Chamber hears of Bay Area Homeless Shelter

By David Taylor
Managing Editor

HIGHLANDS – The Chamber of Commerce luncheon featured a talk about the Bay Area Homeless Shelter, by its VP Jim Wadzinski.

He told the story of a police chaplain and pastor riding shotgun with officers in ride-alongs and noticing something bothersome. Rev. Mack Cook noticed a lot of homeless folks wandering around the streets of his hometown Baytown, and he wanted to do something about it.

He began picking up some of them and bringing them home with him. Every weekend, he’d have five, six or seven people in his house who he and his wife Bettye fed and welcomed with open arms. After six months, however, they both knew this wasn’t a good idea and began to look for a place where they could provide more help on a permanent basis.

“They moved into a house on Wisconsin Street in old Baytown and named their homeless encampment Sheltering Arms,” said Jim Wadzinski, vice president of the board of the charity, to attendees at the Highlands Chamber of Commerce luncheon.

It was later renamed to Bay Area Homeless Shelter Services and since 1983 has been a viable resource to the citizens of Baytown.

Cook passed away in 2009, but the work he began continues to thrive and grow in his absence.

It’s the only full-service shelter that provides services to the homeless in east Harris, Liberty, and Chambers counties, but not in the same sense one might normally think of a shelter.

“When you say homeless shelter, you might think of something a little more along the line of Star of Hope in Houston where you show up at 5 p.m., receive a bed if it’s available for the night, take a shower, be fed a hot meal, and by 7 a.m. the next day, you’re out on the street on your own again,” Wadzinski said. “That’s not how Bay Area works.”

He described the vision of Cook as a place with more comprehensive services to give the homeless a lift back onto their feet and return them as a functioning member of society and contributing members.

In terms of financial impact, Wadzinski said they estimated the residents returning to the community impacted the local economy by up to $1 million in revenue.

“That includes rental properties, goods and services, transportation, and much more,” he said, “which makes us a vital resource to the town.”

The ministry expanded from the one building on Wisconsin Street now to three buildings. The administration building which houses the offices is about 100 years old. The men’s shelter next door is also 100 years old, and the women’s shelter is behind the administration building and is a younger building.

The Britton-Fuller Family Center Program was opened in 2016 and can house six intact families of five members at any given time. The facility helps the shelter abide by federal requirements and allow families to remain together.

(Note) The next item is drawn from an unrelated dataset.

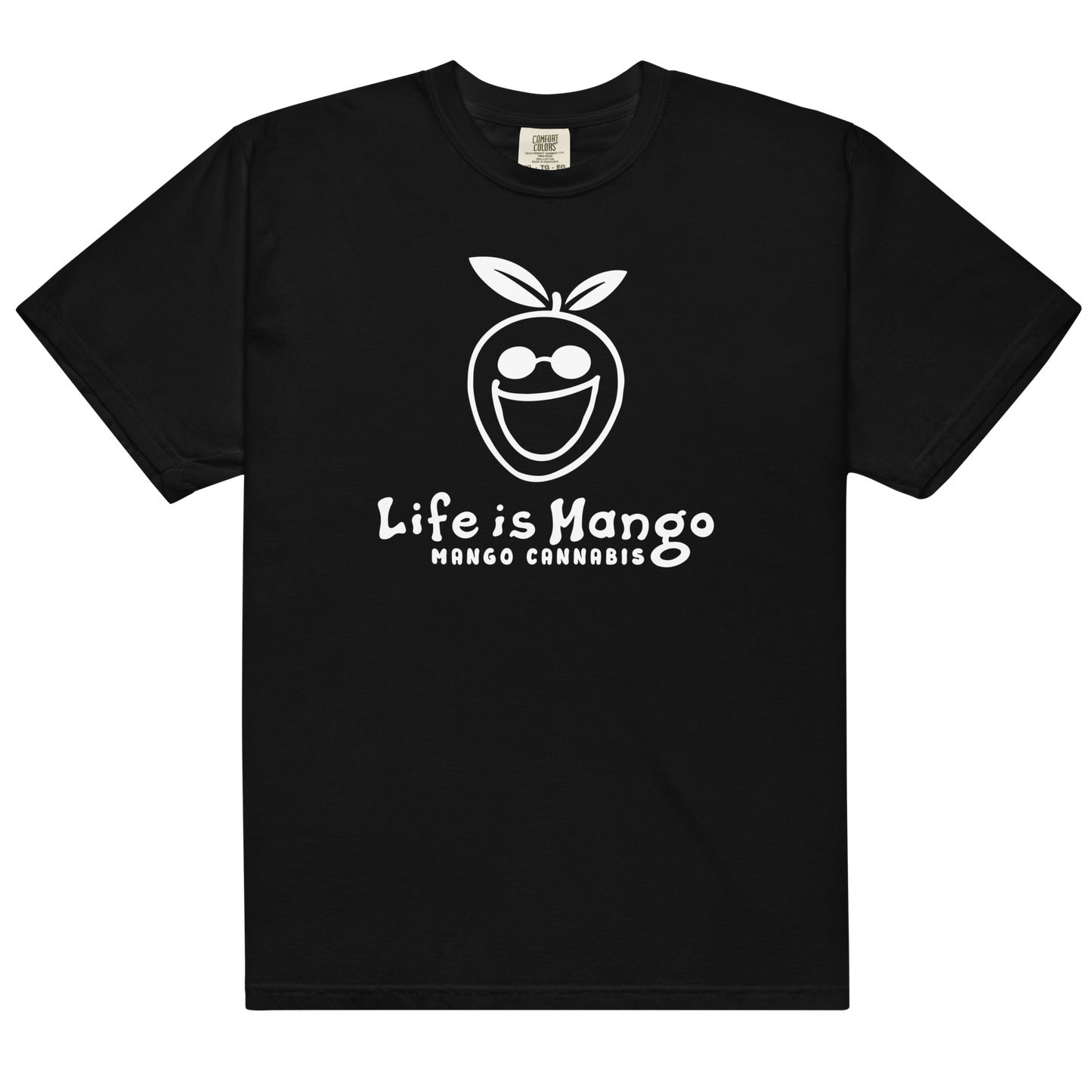 Life is Mango Tee - Front Design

“We had a sad case of a 19-year-old lady working for McDonalds making about $12 an hour. Her mom and dad were killed in a car accident and as the only child, she’s now left with the house and a mortgage payment. She was able to make her mortgage payments, but the city of Houston came in and condemned the house and tore it down. She now has no place to live and is still saddled with the mortgage. She now must pay for a house that doesn’t exist,” Wadzinski said.

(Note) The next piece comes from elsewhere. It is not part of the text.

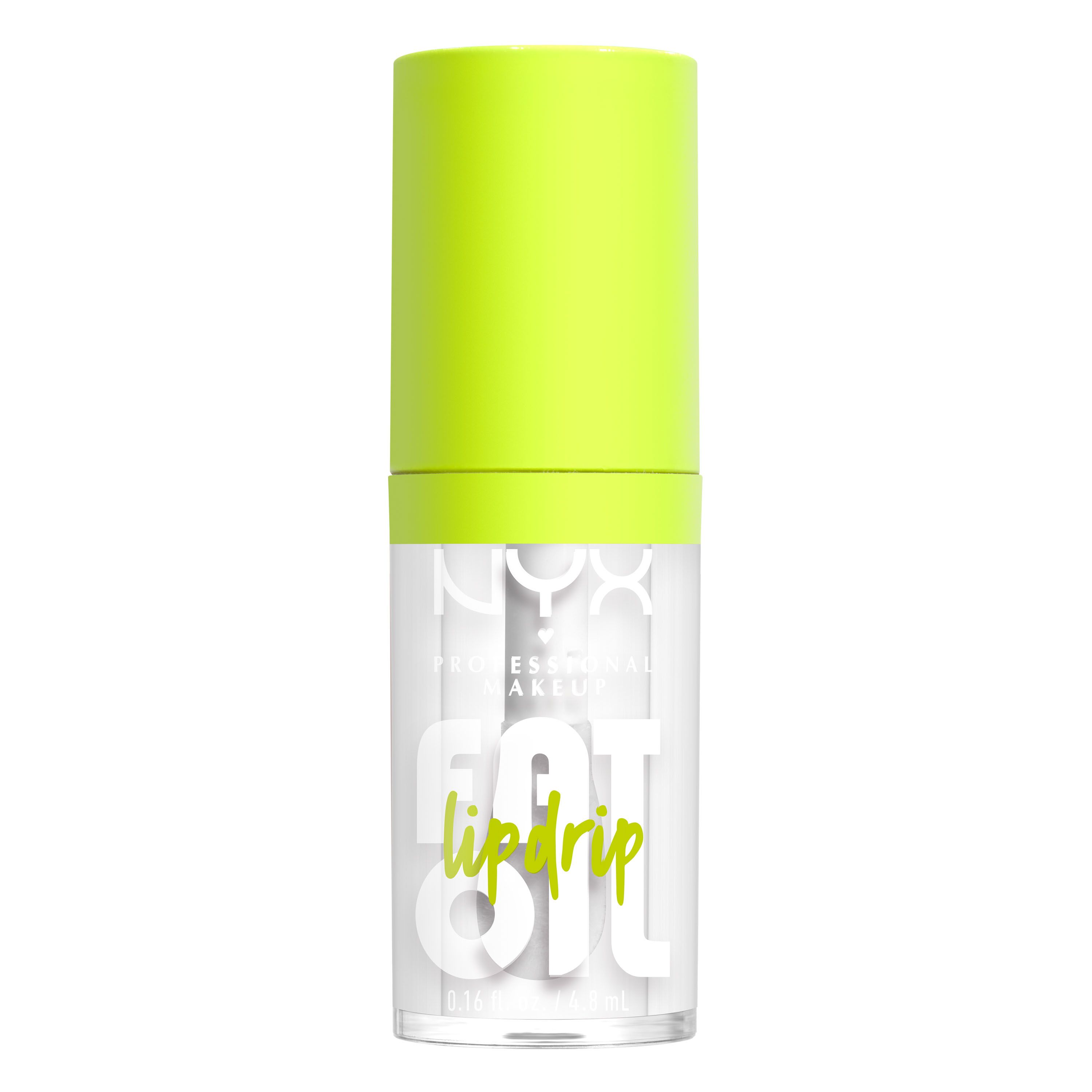 NYX PROFESSIONAL MAKEUP FAT OIL 01 Олио за устни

She ended up sleeping in her car and found her way to Bay Area Homeless, where she receives help.

“We ran her through our program, got her enrolled in Lee College in their carpenter apprentice program. Nine months later, she left with her certification and is roughly earning $30 an hour,” he said.

In another case, a young lady from the East Coast had gone through a divorce and was wanting to move to get away from her circumstances. She came to Houston with her daughter and was hired as a teacher in Channelview ISD. She had paid a deposit on a rental house, but the house wasn’t available, and she couldn’t get her money back.

“She’s stuck here with no money in the bank, and no check from her job for another two to four weeks. She’s looking at no income for the next six weeks. After a few paychecks, she had earned enough to rent an apartment. We were able to provide a safe place for her and the child during that time.”

Depending on their length of stay, Wadzinski said the organization can assist them with job searches and writing resumes, teach them financial literacy, and help with other life skills.

“Sometimes it’s as simple as trying to help them get an ID, or get them access to a phone, or computer,” he said.

In 2023, BAHS helped 30 unemployed adults find employment with 26 different employers in the area, adding up to $787,000 added to the local economy.

The shelter is experiencing an operational funds crisis with the inability to increase wages for their caseworkers and pay for food and supplies.

“We operate 24/7 and 365 days per year,” he said.

Residents do their part in sharing chores around the shelter, but Wadzinski pointed to the aging buildings and high maintenance.

“They were never built for something like this,” he said.

A capital campaign is underway led by Steve Don Carlos, and he’s asking everyone in the community to pitch in and help.